## Saved data entries
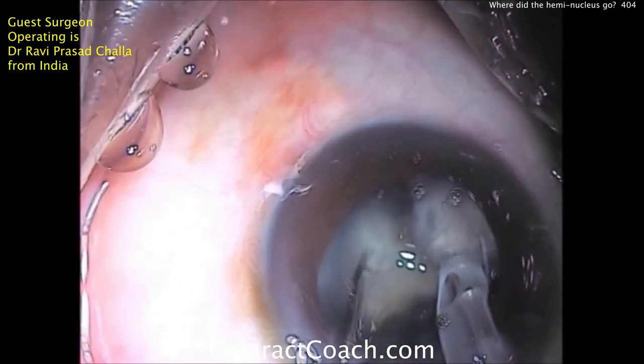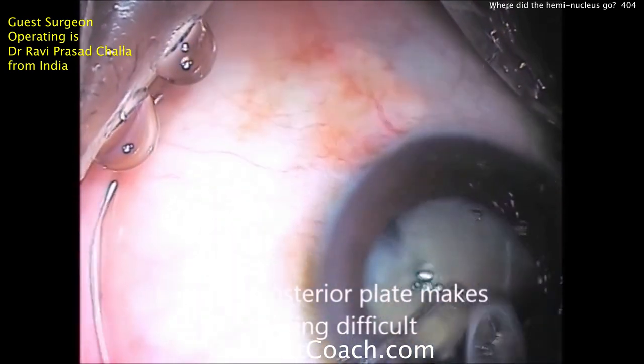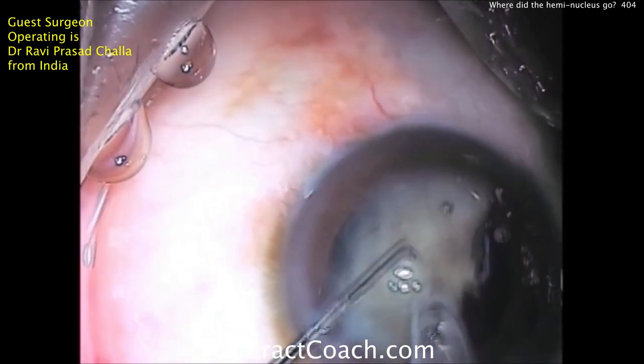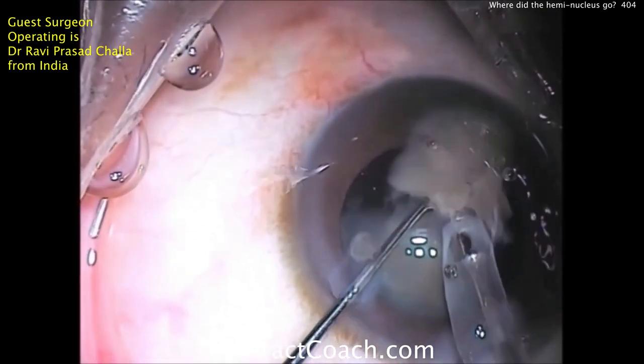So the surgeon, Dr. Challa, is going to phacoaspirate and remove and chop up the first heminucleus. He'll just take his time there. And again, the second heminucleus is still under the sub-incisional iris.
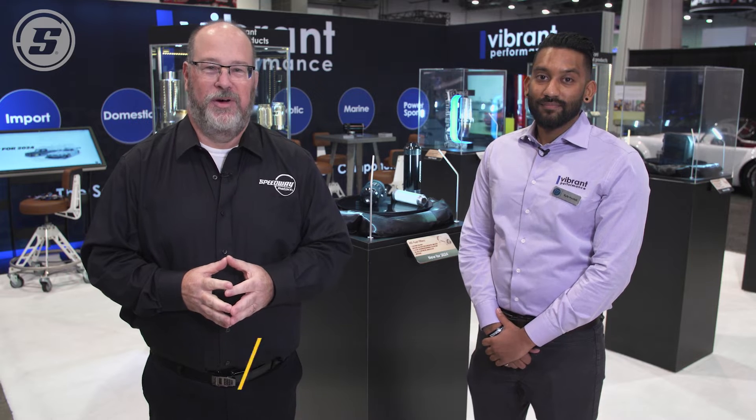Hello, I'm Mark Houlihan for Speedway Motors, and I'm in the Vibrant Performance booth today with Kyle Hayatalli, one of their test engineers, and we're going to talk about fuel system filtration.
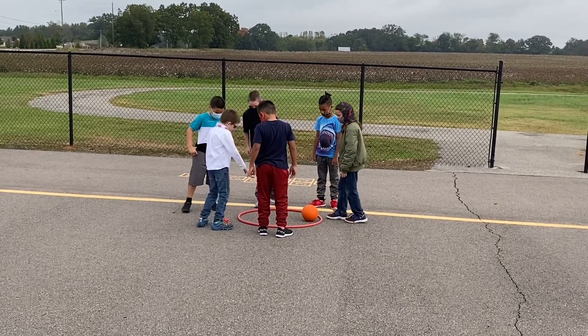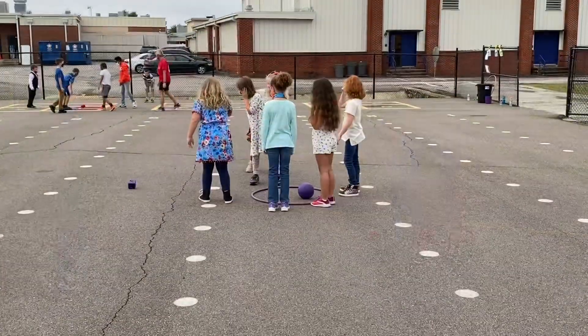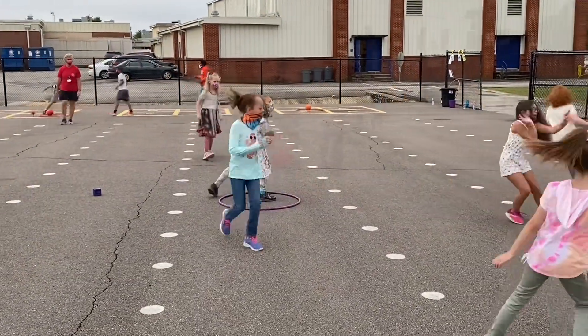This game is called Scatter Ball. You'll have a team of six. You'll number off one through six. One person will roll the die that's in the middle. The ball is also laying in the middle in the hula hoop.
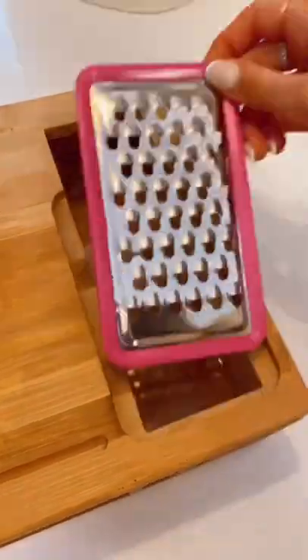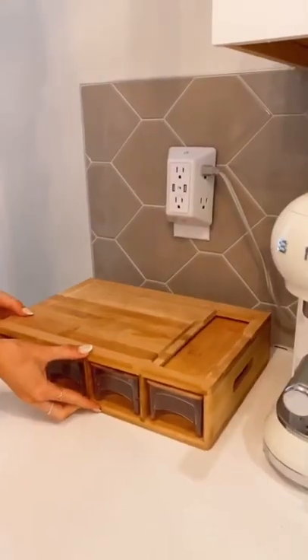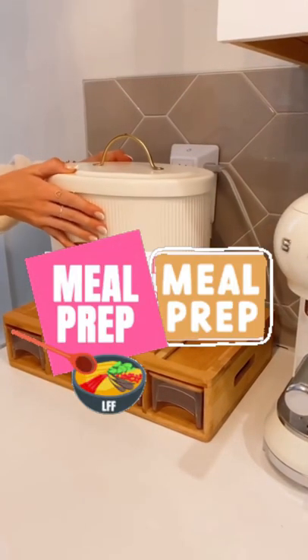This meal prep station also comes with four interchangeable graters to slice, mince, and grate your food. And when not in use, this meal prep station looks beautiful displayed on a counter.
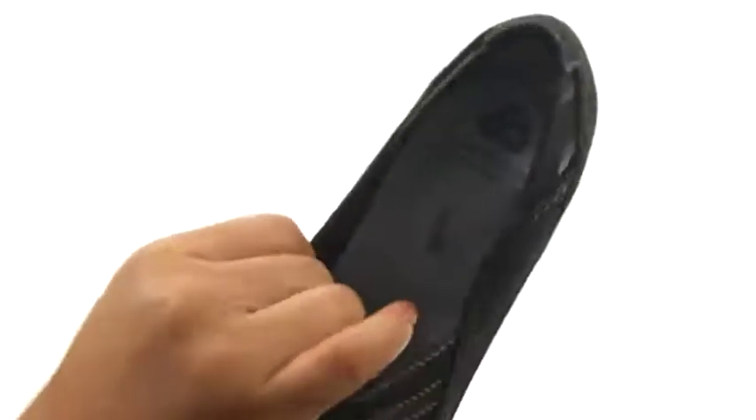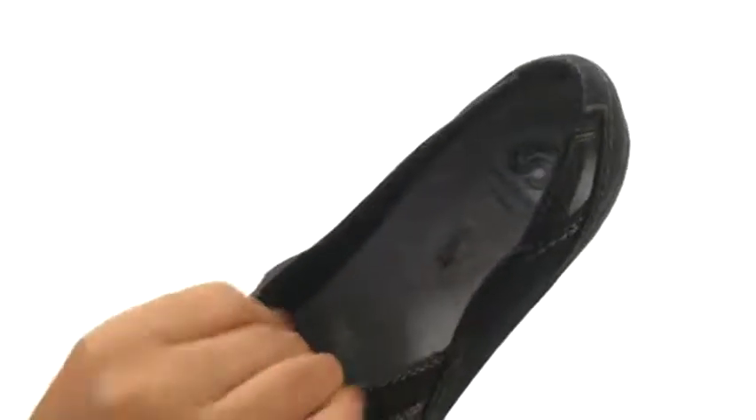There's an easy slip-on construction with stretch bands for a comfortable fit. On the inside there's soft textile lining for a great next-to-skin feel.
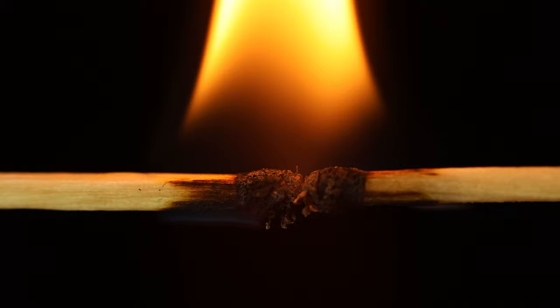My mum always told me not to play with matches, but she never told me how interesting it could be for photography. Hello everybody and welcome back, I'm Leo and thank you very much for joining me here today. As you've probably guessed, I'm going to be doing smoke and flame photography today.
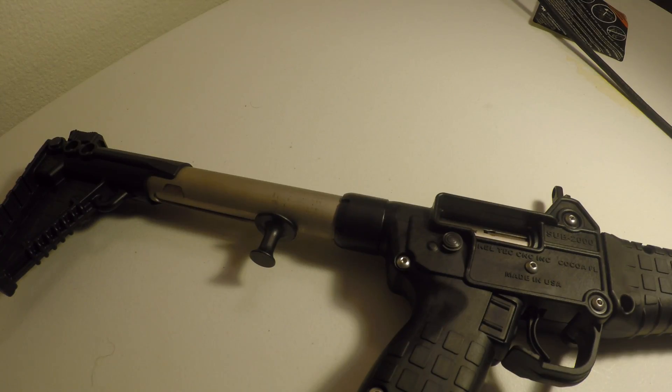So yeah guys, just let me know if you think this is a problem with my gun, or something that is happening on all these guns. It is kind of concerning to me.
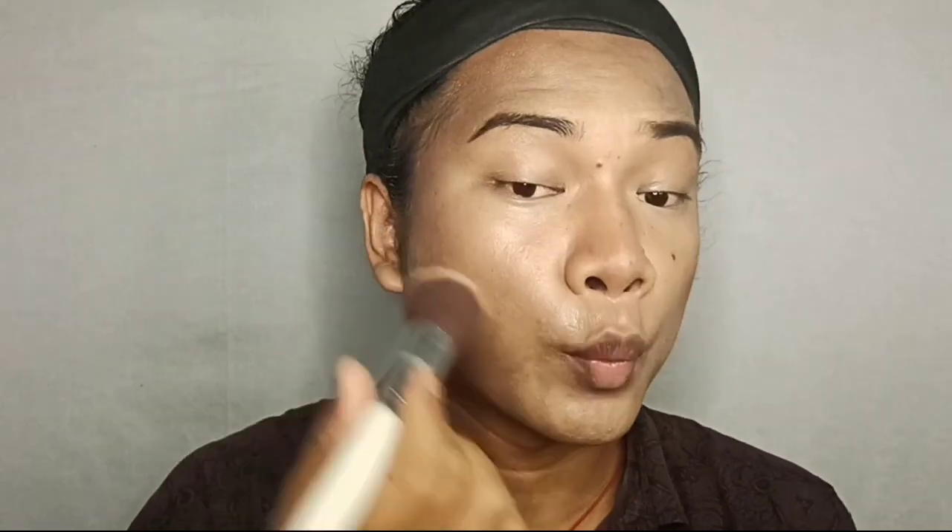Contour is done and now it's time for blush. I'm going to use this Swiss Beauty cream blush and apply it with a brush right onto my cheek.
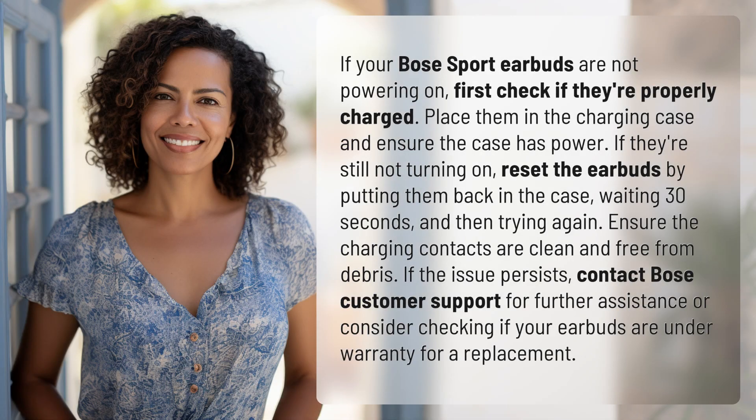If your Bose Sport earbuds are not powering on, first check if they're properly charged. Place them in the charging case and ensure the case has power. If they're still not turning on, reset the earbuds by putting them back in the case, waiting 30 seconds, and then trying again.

## Instructions to follow
Print each entry exactly, leaving pictures out.

## Problem solution
So the surgeon, Dr. Challa, is going to phacoaspirate and remove and chop up the first heminucleus. He'll just take his time there. And again, the second heminucleus is still under the sub-incisional iris.
Hello, I'm Mark Houlihan for Speedway Motors, and I'm in the Vibrant Performance booth today with Kyle Hayatalli, one of their test engineers, and we're going to talk about fuel system filtration.
This game is called Scatter Ball. You'll have a team of six. You'll number off one through six. One person will roll the die that's in the middle. The ball is also laying in the middle in the hula hoop.
This meal prep station also comes with four interchangeable graters to slice, mince, and grate your food. And when not in use, this meal prep station looks beautiful displayed on a counter.
There's an easy slip-on construction with stretch bands for a comfortable fit. On the inside there's soft textile lining for a great next-to-skin feel.
My mum always told me not to play with matches, but she never told me how interesting it could be for photography. Hello everybody and welcome back, I'm Leo and thank you very much for joining me here today. As you've probably guessed, I'm going to be doing smoke and flame photography today.
So yeah guys, just let me know if you think this is a problem with my gun, or something that is happening on all these guns. It is kind of concerning to me.
Contour is done and now it's time for blush. I'm going to use this Swiss Beauty cream blush and apply it with a brush right onto my cheek.
If your Bose Sport earbuds are not powering on, first check if they're properly charged. Place them in the charging case and ensure the case has power. If they're still not turning on, reset the earbuds by putting them back in the case, waiting 30 seconds, and then trying again.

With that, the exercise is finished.